DATASET ENTRIES:
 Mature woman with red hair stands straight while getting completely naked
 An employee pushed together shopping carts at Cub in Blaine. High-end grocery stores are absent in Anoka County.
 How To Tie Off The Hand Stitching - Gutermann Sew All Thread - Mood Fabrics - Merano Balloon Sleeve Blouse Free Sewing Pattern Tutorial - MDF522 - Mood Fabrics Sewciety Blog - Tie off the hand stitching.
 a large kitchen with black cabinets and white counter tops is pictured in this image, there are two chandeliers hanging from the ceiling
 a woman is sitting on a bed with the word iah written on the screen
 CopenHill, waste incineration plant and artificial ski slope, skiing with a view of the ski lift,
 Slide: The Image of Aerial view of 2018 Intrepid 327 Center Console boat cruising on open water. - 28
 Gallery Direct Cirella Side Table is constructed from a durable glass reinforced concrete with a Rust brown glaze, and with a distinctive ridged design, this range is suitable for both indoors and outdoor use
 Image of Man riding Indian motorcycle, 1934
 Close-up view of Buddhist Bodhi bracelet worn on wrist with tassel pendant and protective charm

==

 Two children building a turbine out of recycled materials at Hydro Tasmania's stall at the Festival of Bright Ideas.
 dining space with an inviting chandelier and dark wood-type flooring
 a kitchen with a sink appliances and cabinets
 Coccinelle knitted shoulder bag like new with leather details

DESCRIPTION OF THE TASK: Out of the material above, select every line that holds the string "this".

EXERCISE ANSWER:
 a large kitchen with black cabinets and white counter tops is pictured in this image, there are two chandeliers hanging from the ceiling
 Gallery Direct Cirella Side Table is constructed from a durable glass reinforced concrete with a Rust brown glaze, and with a distinctive ridged design, this range is suitable for both indoors and outdoor use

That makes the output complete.